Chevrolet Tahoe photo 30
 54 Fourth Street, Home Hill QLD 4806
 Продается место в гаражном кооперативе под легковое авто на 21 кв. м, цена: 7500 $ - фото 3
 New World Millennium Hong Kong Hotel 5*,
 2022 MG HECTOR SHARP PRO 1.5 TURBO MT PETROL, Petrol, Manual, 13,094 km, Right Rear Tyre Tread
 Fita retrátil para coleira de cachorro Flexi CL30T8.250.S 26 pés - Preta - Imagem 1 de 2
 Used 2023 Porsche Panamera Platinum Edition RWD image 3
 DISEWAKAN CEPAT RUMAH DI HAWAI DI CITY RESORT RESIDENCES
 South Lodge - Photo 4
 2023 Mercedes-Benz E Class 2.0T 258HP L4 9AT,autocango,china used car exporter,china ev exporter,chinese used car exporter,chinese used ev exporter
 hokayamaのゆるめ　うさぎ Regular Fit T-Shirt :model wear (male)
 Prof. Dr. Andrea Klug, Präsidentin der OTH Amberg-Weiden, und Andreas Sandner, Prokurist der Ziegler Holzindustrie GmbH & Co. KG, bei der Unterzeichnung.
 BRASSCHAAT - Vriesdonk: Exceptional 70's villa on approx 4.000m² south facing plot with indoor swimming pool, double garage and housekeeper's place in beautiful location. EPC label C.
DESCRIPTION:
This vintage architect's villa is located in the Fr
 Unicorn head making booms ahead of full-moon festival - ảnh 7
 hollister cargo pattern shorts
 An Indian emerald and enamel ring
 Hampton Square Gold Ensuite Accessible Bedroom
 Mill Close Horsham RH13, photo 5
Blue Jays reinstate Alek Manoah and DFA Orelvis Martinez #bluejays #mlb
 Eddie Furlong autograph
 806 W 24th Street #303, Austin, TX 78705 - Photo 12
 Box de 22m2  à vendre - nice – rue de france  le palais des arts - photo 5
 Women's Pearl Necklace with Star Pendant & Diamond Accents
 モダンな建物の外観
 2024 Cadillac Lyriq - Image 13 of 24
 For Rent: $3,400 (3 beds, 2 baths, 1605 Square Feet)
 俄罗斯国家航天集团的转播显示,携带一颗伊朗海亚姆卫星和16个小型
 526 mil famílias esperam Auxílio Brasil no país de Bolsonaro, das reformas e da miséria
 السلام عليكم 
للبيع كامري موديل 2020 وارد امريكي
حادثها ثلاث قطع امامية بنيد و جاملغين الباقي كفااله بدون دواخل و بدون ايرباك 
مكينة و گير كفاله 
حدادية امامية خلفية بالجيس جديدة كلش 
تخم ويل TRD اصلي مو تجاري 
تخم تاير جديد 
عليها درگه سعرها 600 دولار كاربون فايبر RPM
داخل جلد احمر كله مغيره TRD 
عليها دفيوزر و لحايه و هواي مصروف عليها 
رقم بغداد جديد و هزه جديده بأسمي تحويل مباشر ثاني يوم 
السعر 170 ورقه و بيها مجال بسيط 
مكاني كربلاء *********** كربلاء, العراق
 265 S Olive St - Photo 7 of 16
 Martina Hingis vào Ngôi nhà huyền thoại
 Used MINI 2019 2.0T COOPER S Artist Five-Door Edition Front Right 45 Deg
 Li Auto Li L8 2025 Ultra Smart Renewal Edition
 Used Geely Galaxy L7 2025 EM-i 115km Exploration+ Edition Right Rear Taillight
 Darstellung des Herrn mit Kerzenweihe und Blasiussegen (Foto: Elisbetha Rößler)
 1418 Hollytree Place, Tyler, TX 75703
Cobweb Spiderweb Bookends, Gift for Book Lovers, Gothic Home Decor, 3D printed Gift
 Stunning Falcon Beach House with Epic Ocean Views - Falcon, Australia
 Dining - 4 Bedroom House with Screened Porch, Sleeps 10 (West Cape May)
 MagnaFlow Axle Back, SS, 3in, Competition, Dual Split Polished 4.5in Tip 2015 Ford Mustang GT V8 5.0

- - -

-- Exercise goal --
Each line holding "Bedroom" in the records should be copied out.

-- Exercise solution --
 Hampton Square Gold Ensuite Accessible Bedroom
 Dining - 4 Bedroom House with Screened Porch, Sleeps 10 (West Cape May)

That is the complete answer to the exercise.